• Goal of the exercise: Below is a listing; print exactly its lines from the one containing "Hello my friends." down to the one containing "Hi everyone. Welcome", both inclusive, with every picture left out.

• Input data:
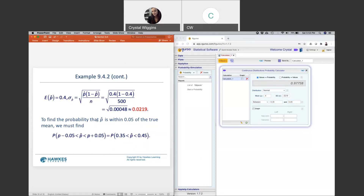That's the last example. There aren't a lot of different examples in this particular section — they're solved the same way as the means, except for the standard error formula and checking N times P and N times (1 minus P) to verify the central limit theorem is valid. That concludes section 9.4.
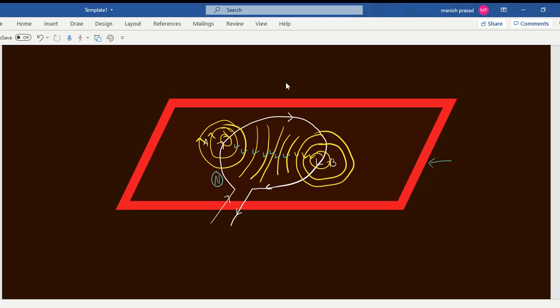So this is how magnetic field lines are made in a circular loop. The only thing that the question did was the question said if it is kept on a tabletop, what is going to happen.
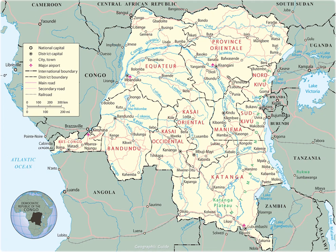Hello my friends. This is a map of the Democratic Republic of the Congo. The DRC is located in Central Sub-Saharan Africa, bordered to the northwest by the Republic of the Congo.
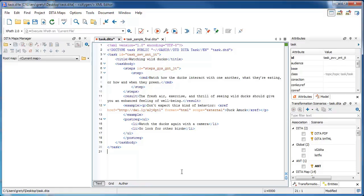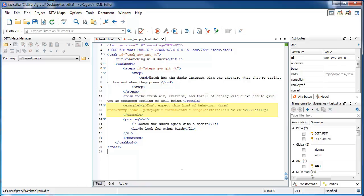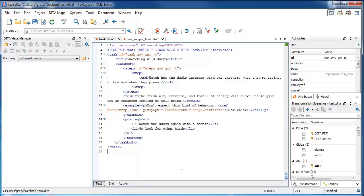So in our task topic, after the steps element, we are allowed to add three optional finishing elements: the result element, the example element, and the post-rec element. If you use any or all of these elements, they must go in this strict sequence.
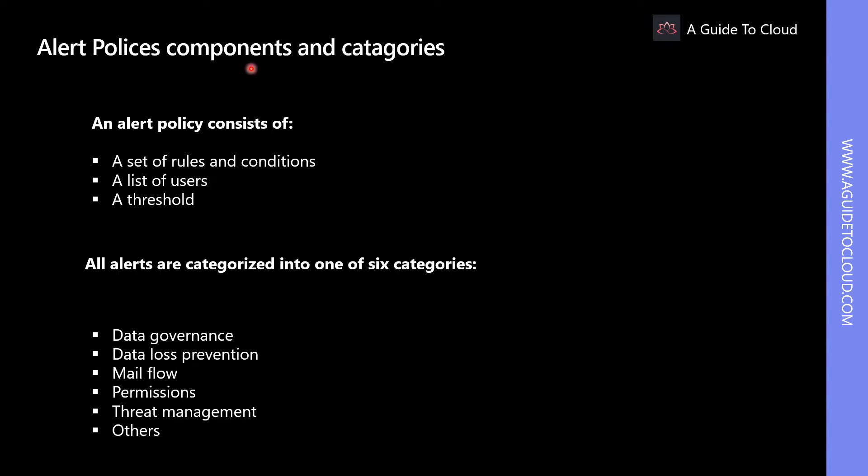An alert policy consists of a set of rules and conditions that define the user or admin activity that generates an alert, a list of users who are in scope of triggering the alert if they perform the activity, and a threshold that defines how many times the activity may occur before an alert is triggered.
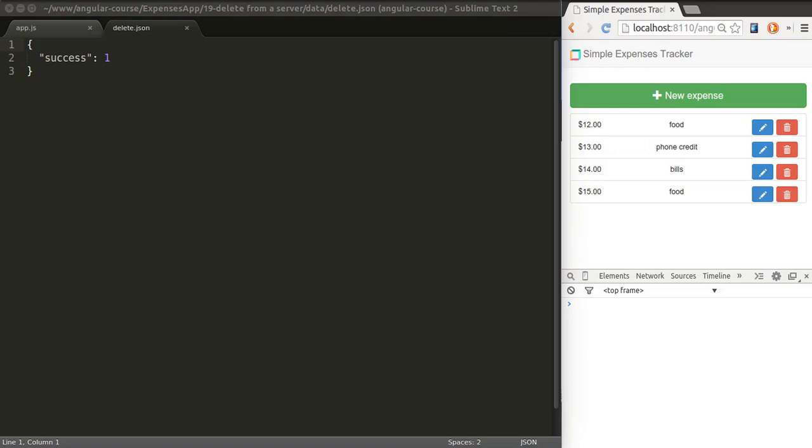We can list elements from the cloud, we can create new elements, save existing elements, and what we need to implement now is the ability to delete elements from the cloud.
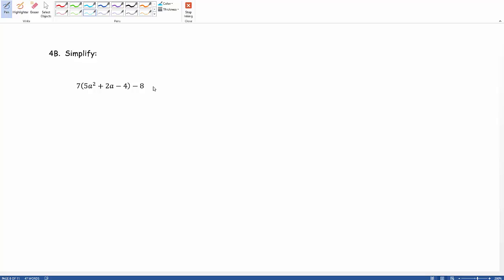Here we are at problem 4b from our target 2. We're asked to simplify the following expression by using the distributive property.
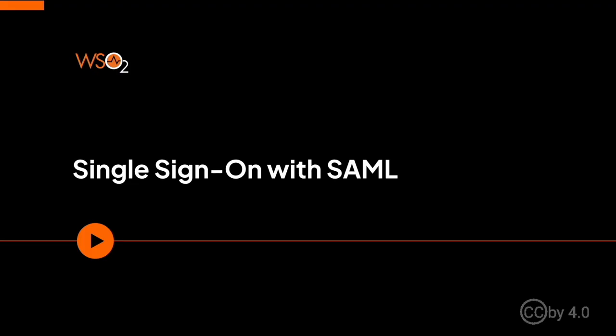Hi everyone. Welcome to the WSO2 Identity Server Single Sign-On with SAML training video. In this video, we are going to learn how to use SAML to implement SSO.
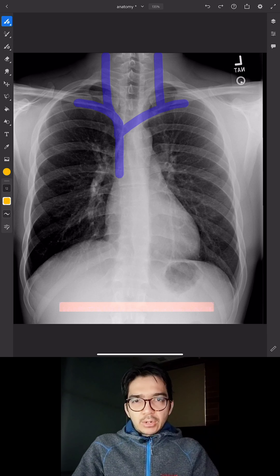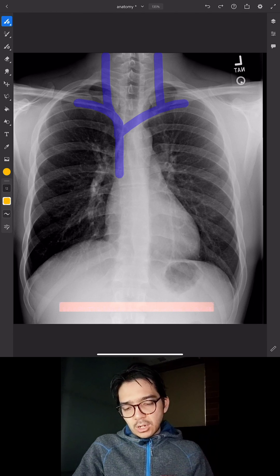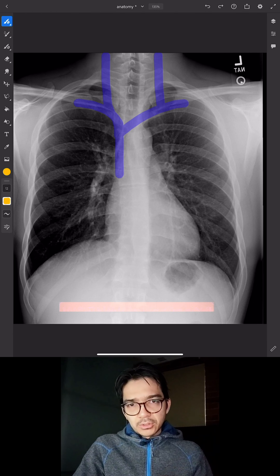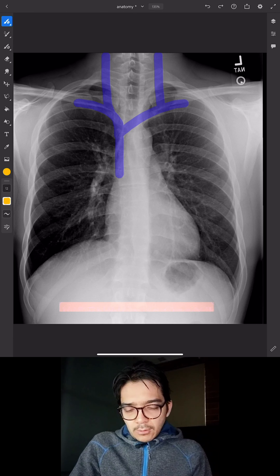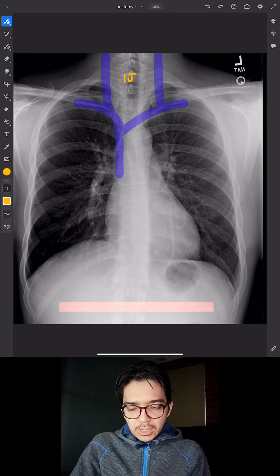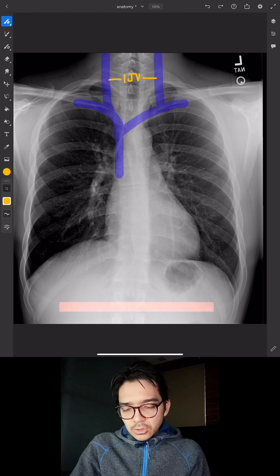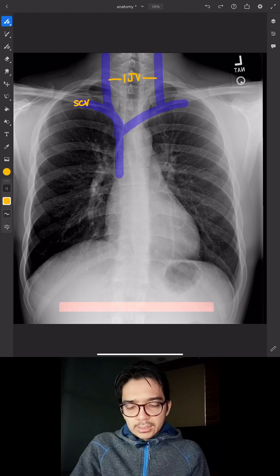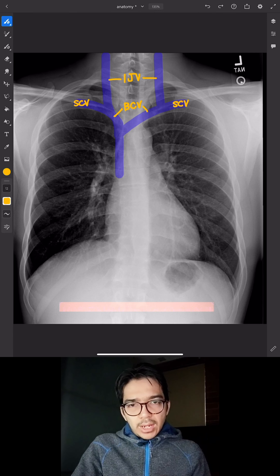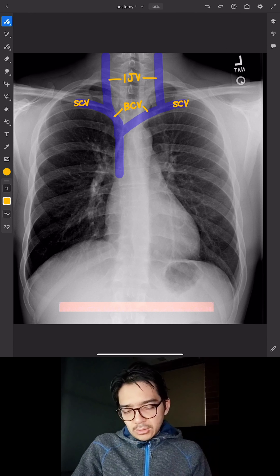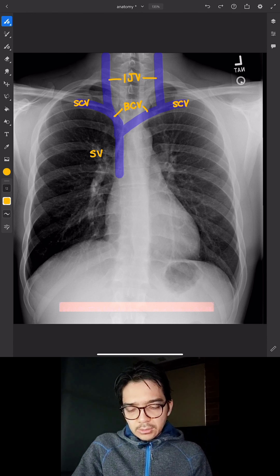We need to first start out with the anatomy. I have a chest x-ray here and I've drawn in a diagram of the major vessels that you need to know. The internal jugular veins join with the right and left subclavian veins to form the right and left brachiocephalic veins, which then join together to form the SVC.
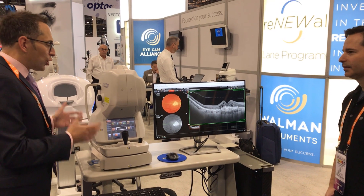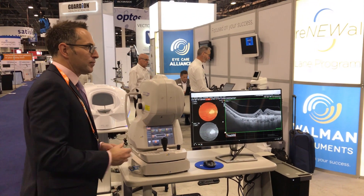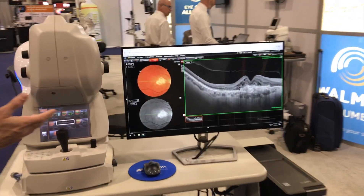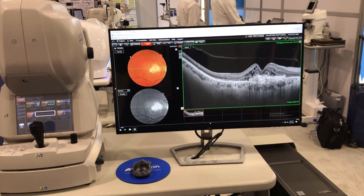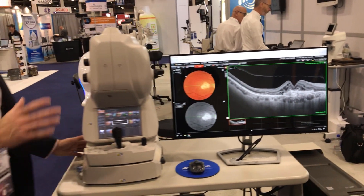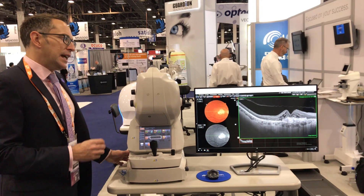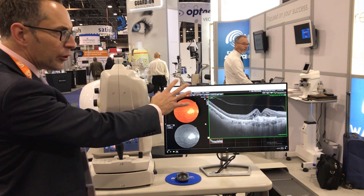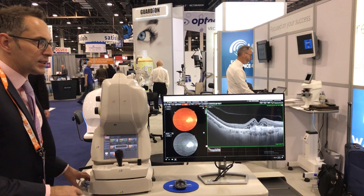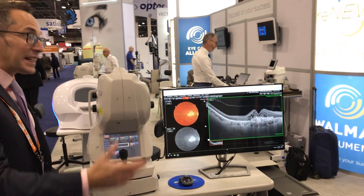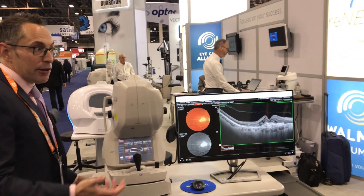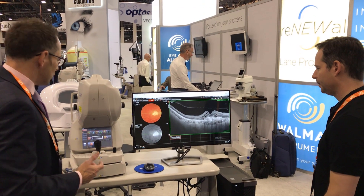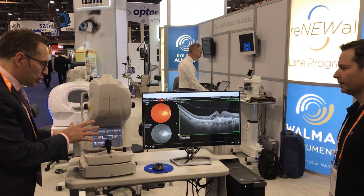The swept source device comes into its own when you've got a sick eye, an unhealthy patient. The example on the screen you can see very clearly is different from the image we were looking at earlier with the Maestro. What 1050 nanometers of wavelength gives us is penetration — a depth of image unparalleled compared to our spectral domain machines. It allows us to penetrate opacities — cataracts, hemorrhage — and it also captures twice as fast.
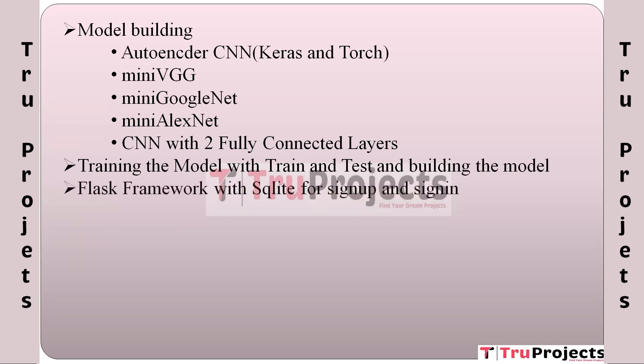Flask framework with SQLite for sign up and sign in: This module involves setting up a web application using the Flask framework. The application includes features for user registration (sign up) and authentication (sign in), and SQLite is used as a database to securely store user information.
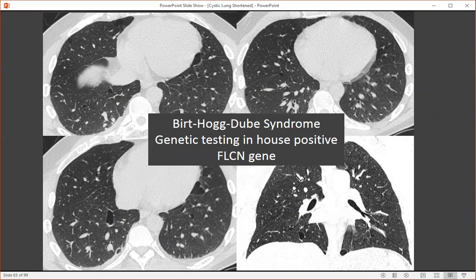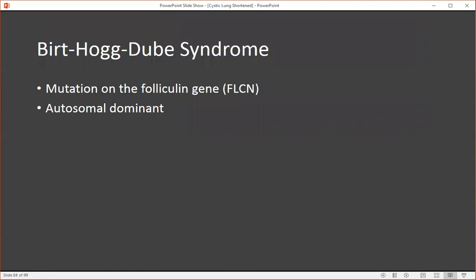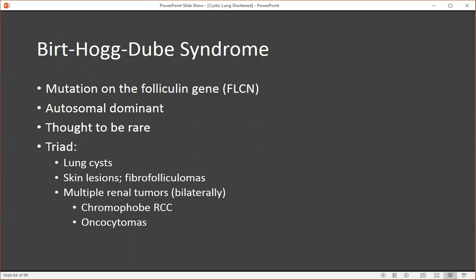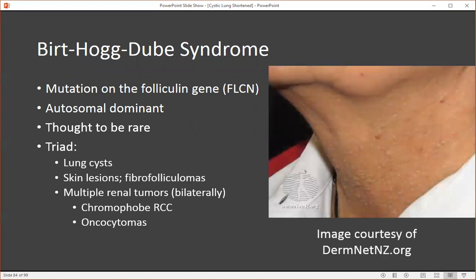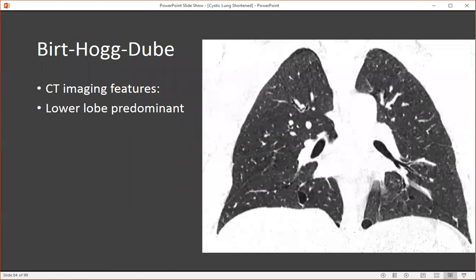So we have an oligocystic lung disease that's lower lung zone predominant, similar to LIP. However, these cysts have a different shape — they're ellipsoid or lentiform — and they're often located adjacent to fissures and pleural surfaces. This was a high-confidence diagnosis of Birt-Hogg-Dubé. This person did not have a connective tissue disease. They underwent genetic testing and were found to be positive for the folliculin gene. Birt-Hogg-Dubé is an autosomal dominant disorder that can be passed to children — it's thought to be rare, although it may just be underdiagnosed.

• Task solution:
Hello my friends. This is a map of the Democratic Republic of the Congo. The DRC is located in Central Sub-Saharan Africa, bordered to the northwest by the Republic of the Congo.
So in our task topic, after the steps element, we are allowed to add three optional finishing elements: the result element, the example element, and the post-rec element. If you use any or all of these elements, they must go in this strict sequence.
An alert policy consists of a set of rules and conditions that define the user or admin activity that generates an alert, a list of users who are in scope of triggering the alert if they perform the activity, and a threshold that defines how many times the activity may occur before an alert is triggered.
We can list elements from the cloud, we can create new elements, save existing elements, and what we need to implement now is the ability to delete elements from the cloud.
Here we are at problem 4b from our target 2. We're asked to simplify the following expression by using the distributive property.
Hi everyone. Welcome to the WSO2 Identity Server Single Sign-On with SAML training video. In this video, we are going to learn how to use SAML to implement SSO.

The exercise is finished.